[Start of section]

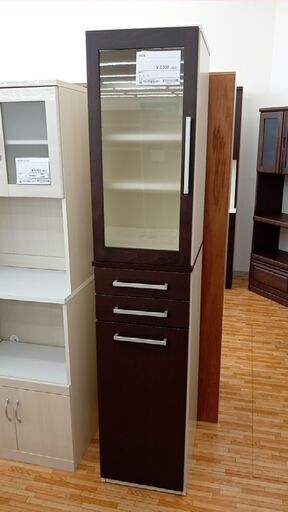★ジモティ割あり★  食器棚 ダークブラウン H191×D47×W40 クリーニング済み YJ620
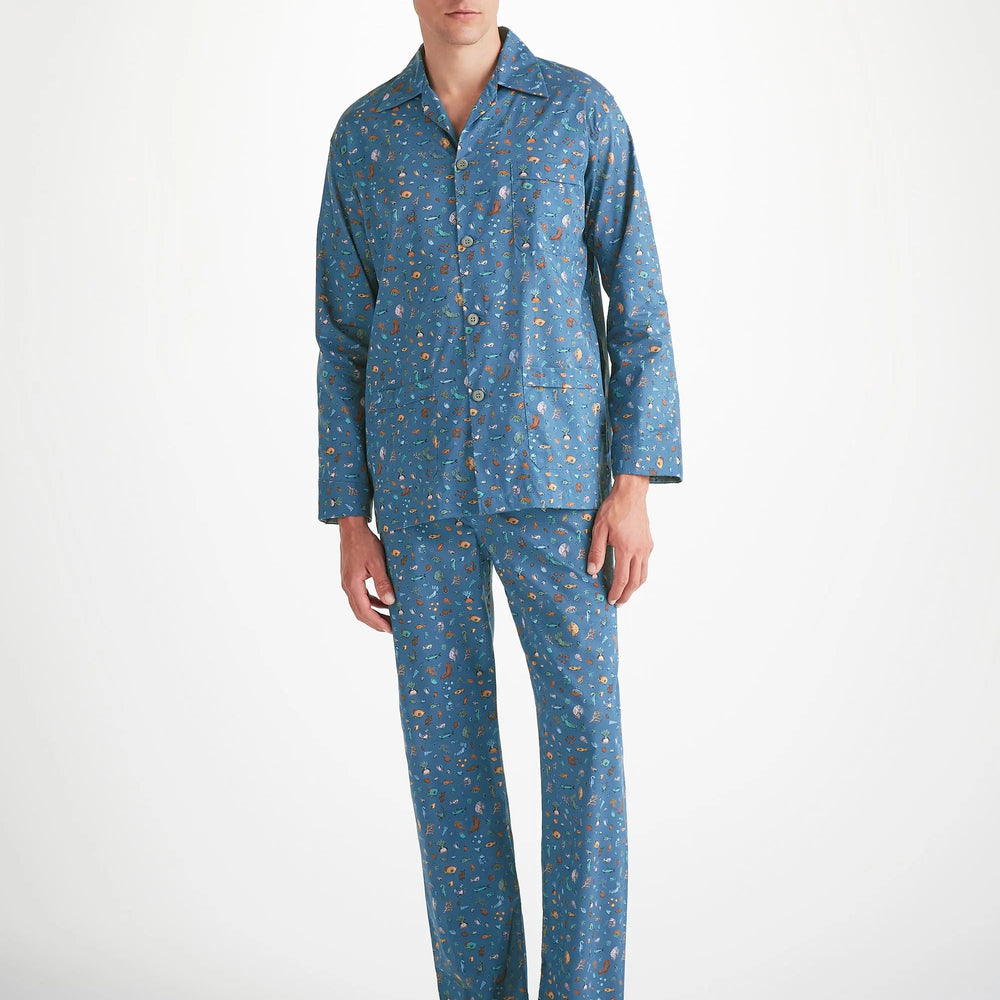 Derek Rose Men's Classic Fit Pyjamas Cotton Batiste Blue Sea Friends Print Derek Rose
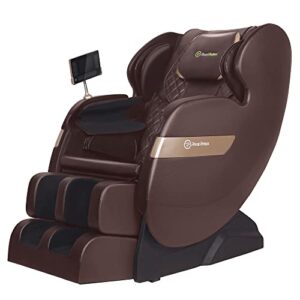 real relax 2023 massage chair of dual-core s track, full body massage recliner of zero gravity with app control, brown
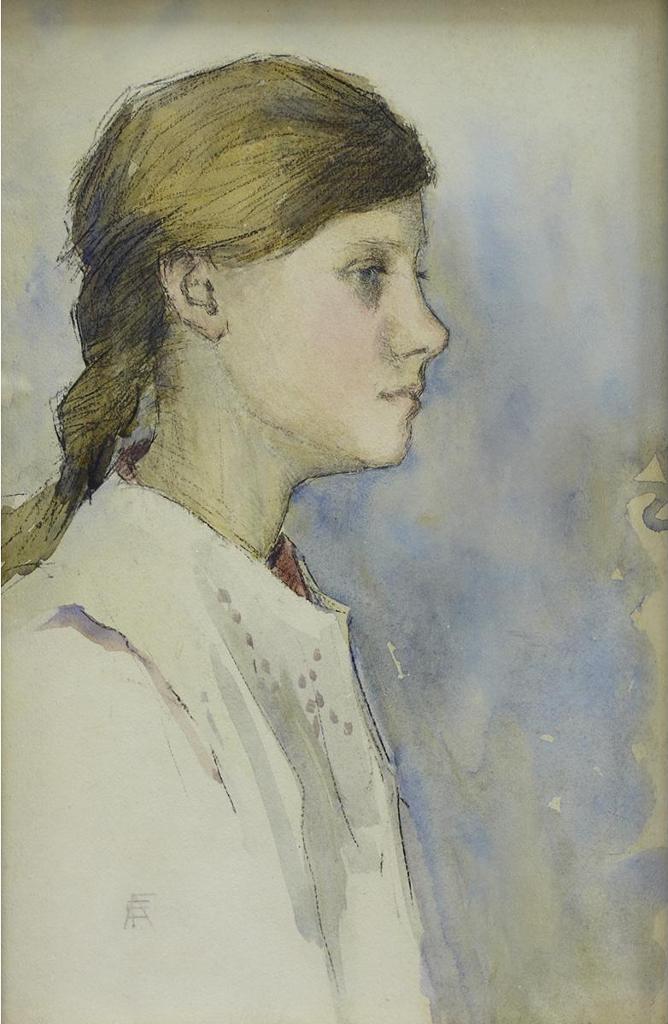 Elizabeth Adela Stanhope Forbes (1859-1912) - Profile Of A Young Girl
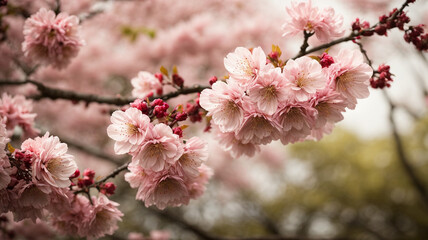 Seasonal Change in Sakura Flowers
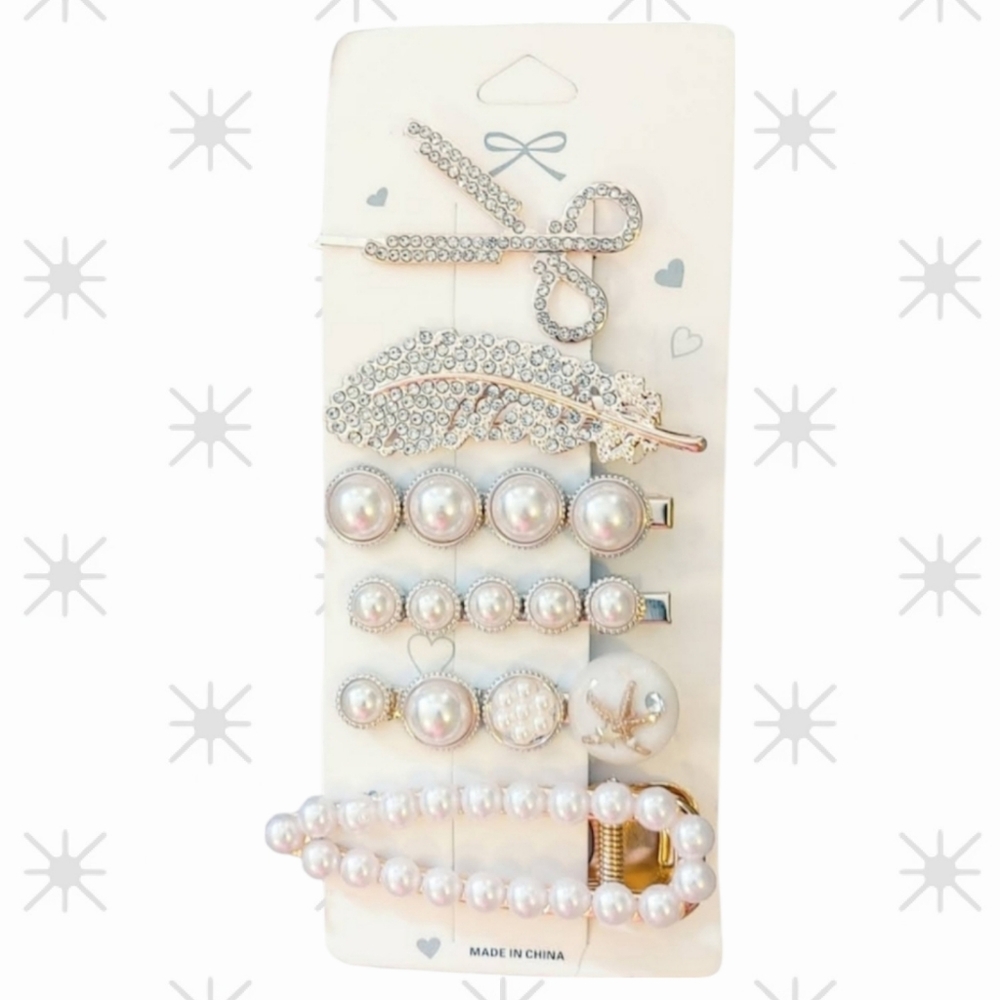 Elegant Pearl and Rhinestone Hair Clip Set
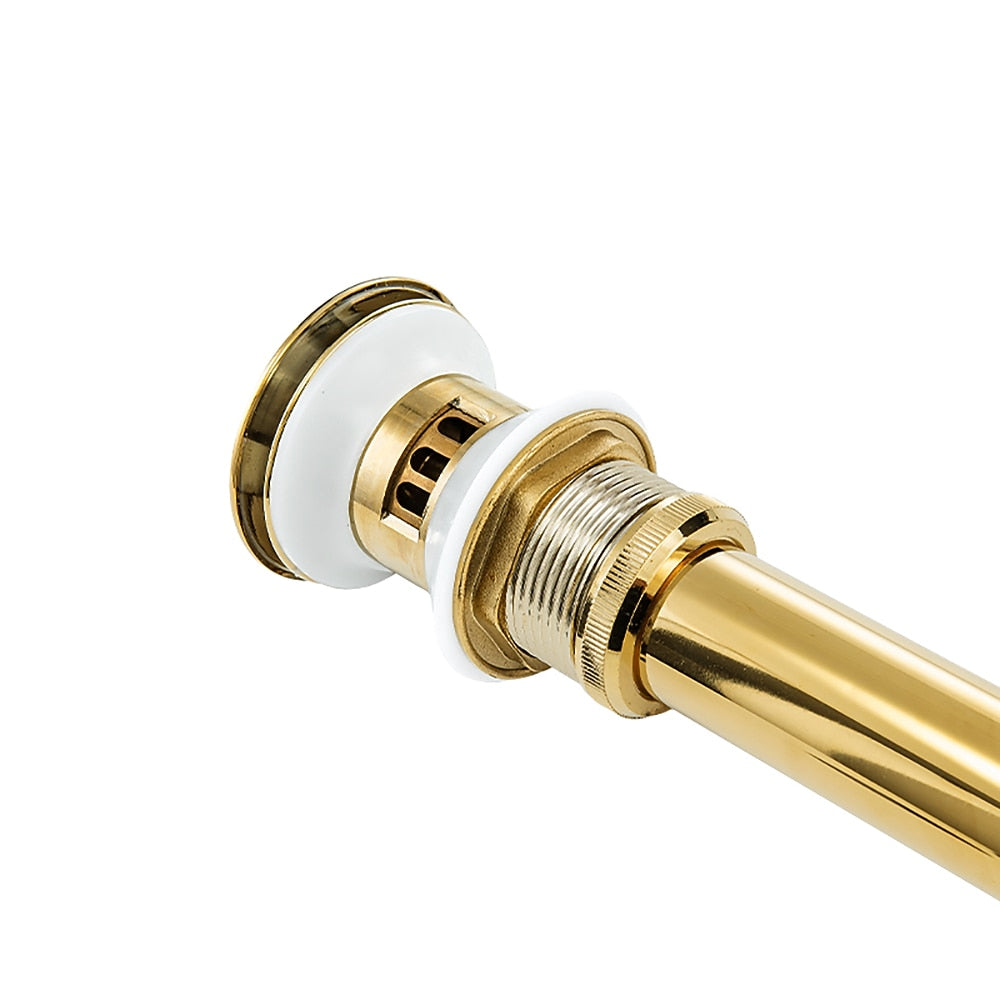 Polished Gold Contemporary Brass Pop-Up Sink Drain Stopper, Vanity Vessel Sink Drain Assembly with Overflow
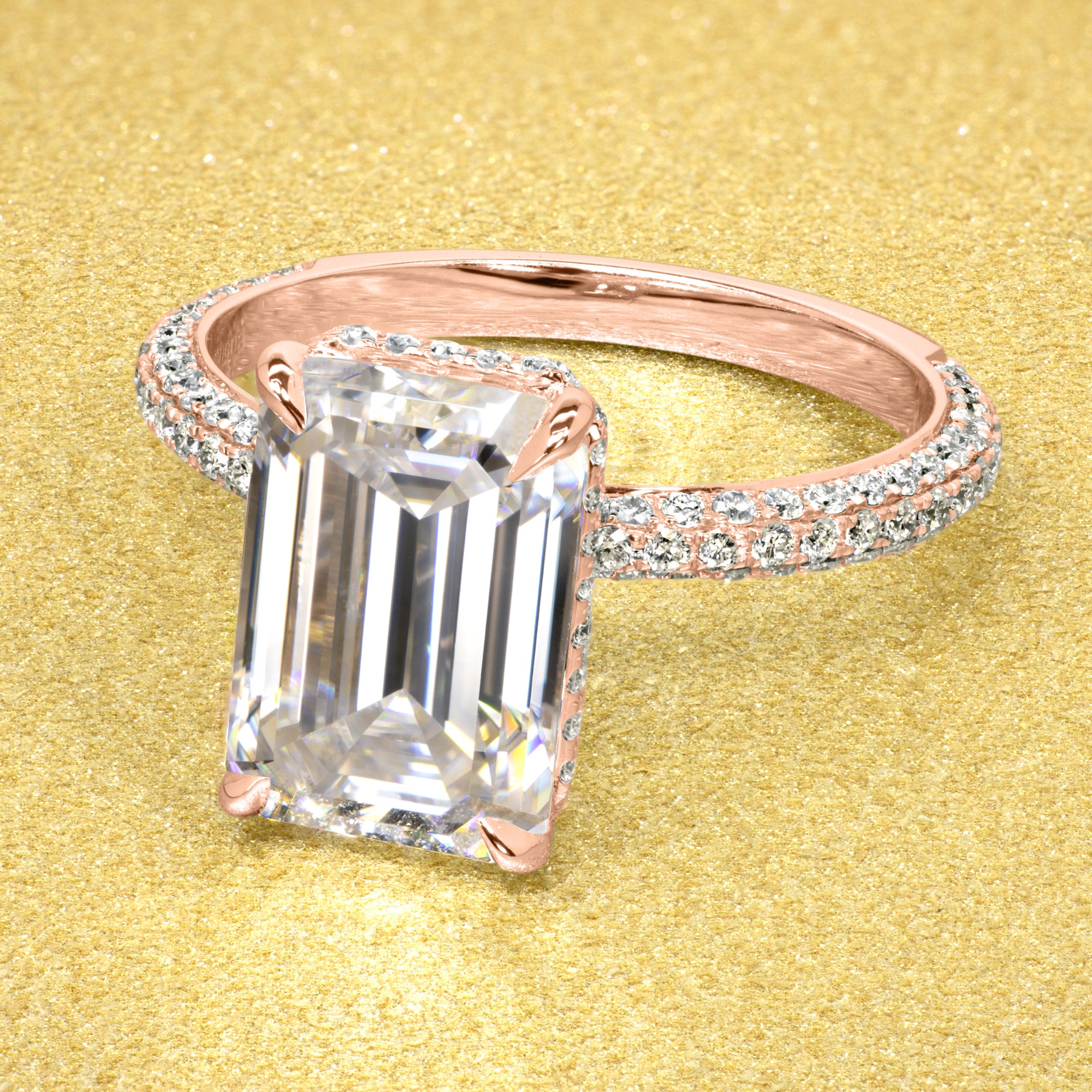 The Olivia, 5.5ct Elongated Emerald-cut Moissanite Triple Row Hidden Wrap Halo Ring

[End of section]

## The task
Reproduce the material above verbatim; omit every picture.

## Solution
★ジモティ割あり★  食器棚 ダークブラウン H191×D47×W40 クリーニング済み YJ620
 Derek Rose Men's Classic Fit Pyjamas Cotton Batiste Blue Sea Friends Print Derek Rose
 real relax 2023 massage chair of dual-core s track, full body massage recliner of zero gravity with app control, brown
 Elizabeth Adela Stanhope Forbes (1859-1912) - Profile Of A Young Girl
 Seasonal Change in Sakura Flowers
 Elegant Pearl and Rhinestone Hair Clip Set
 Polished Gold Contemporary Brass Pop-Up Sink Drain Stopper, Vanity Vessel Sink Drain Assembly with Overflow
 The Olivia, 5.5ct Elongated Emerald-cut Moissanite Triple Row Hidden Wrap Halo Ring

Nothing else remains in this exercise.